**PROBLEM TO WORK ON:** Nothing in the listing should be altered when it is copied, and no picture goes into the copy.

**COLLECTED DATA:**
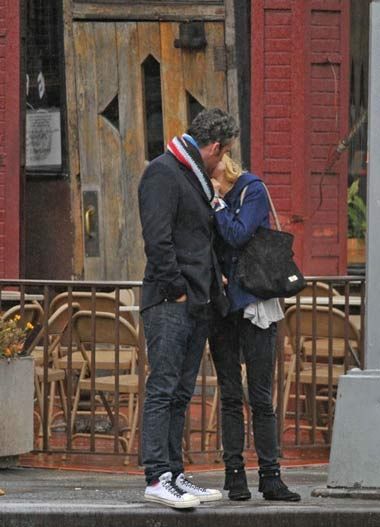 薛凱琪街頭舌戰湯駿業 明星情不自禁激吻被偷拍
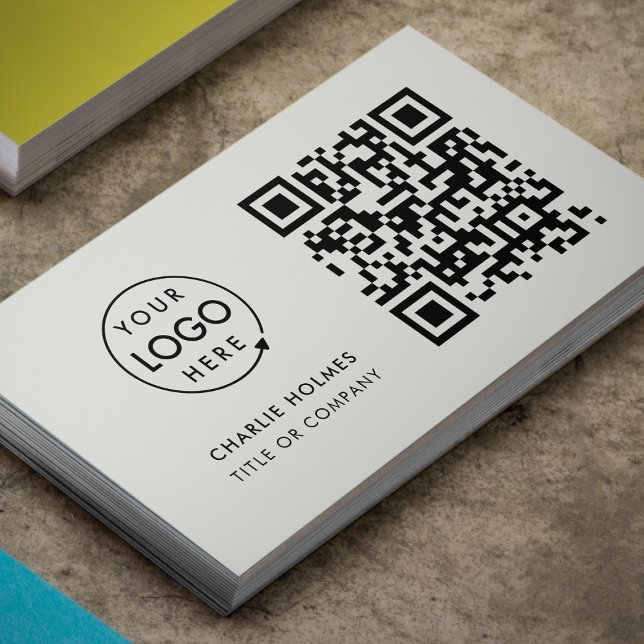 Carte De Visite Logo professionnel du code QR | Professionnel gris (Gray QR code business card by Guava, ideal for modern entrepreneurs and creative professionals)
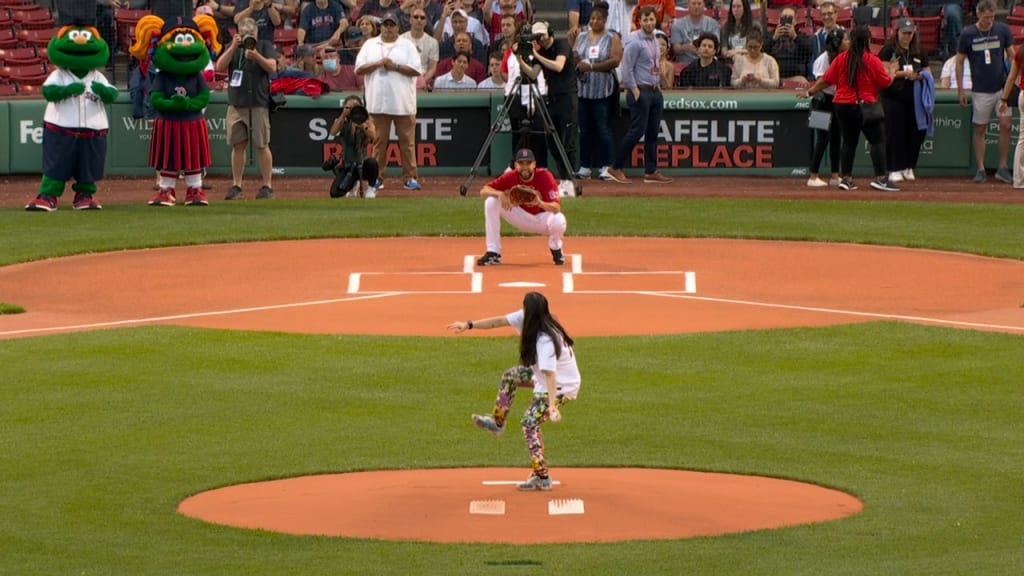 Niskayuna boy throws first pitch at Red Sox game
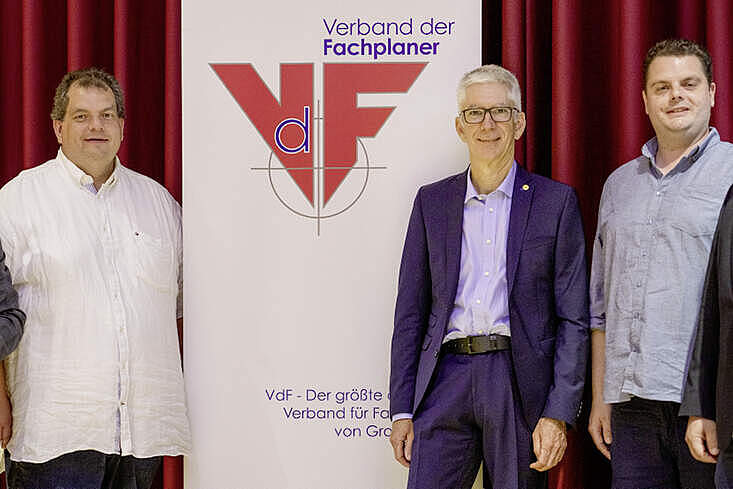 Der neu gewählte VdF-Vorstand: Ralf Lentwojt, Sebastian Ronge, Thorsten Kretzschmar, Bernd Helfer, Markus Flehel, Peter Triebe (v.l.n.r.)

**SOLUTION FOR THIS TASK:**
 薛凱琪街頭舌戰湯駿業 明星情不自禁激吻被偷拍
 Carte De Visite Logo professionnel du code QR | Professionnel gris (Gray QR code business card by Guava, ideal for modern entrepreneurs and creative professionals)
 Niskayuna boy throws first pitch at Red Sox game
 Der neu gewählte VdF-Vorstand: Ralf Lentwojt, Sebastian Ronge, Thorsten Kretzschmar, Bernd Helfer, Markus Flehel, Peter Triebe (v.l.n.r.)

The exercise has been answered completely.